Physically, my criteria have always been to be at least my height (1.7 m), and to be presentable. Ken is taller than me (1.81m), well-built, charming, good looking, and very presentable in his dressing. Physically, he way exceeds what I was looking for.
Spiritually, it’s hard to quantify this, but there were various signs of synchronicity between us. For example, we began to dream about each other within weeks of reacquainting. I felt increasingly drawn to him as we spent more time chatting, which I could only explain as a soul-level connection.
After some thought, I realized that I was okay not being fully mentally compatible with my partner. If I am to really nail it down, the most important attributes to me in a partner are emotional availability, kindness, and caringness. Ken is already all of that, and so much more.
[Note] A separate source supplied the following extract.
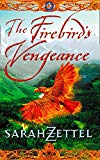 The Firebirds Vengeance by Sarah Zettel - 9780007114061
I couldn’t have asked for more.
I figured that I probably didn’t need someone who 100% matched me on all four levels. That’s probably impossible, I thought. I can always turn to my more intellectual friends if I ever need mental stimulation, settle for a 20-30% mental connection with him, and celebrate our 100% connection in the other areas.
So two nights after we got together, we had our usual nighttime phone chat. Our call started at 4am because I had to finish some work first.
During the call, we talked about the usual things: updating each other on our day, and talking about different things in our lives.
Somewhere along the call, I made a side remark sharing a deeper perspective to something we were talking about. It was something about how the worldview one adopts affects his/her quality of life, and it’s in a person’s power to adopt an internal locus vs. an external locus of control, contrary to what many may think.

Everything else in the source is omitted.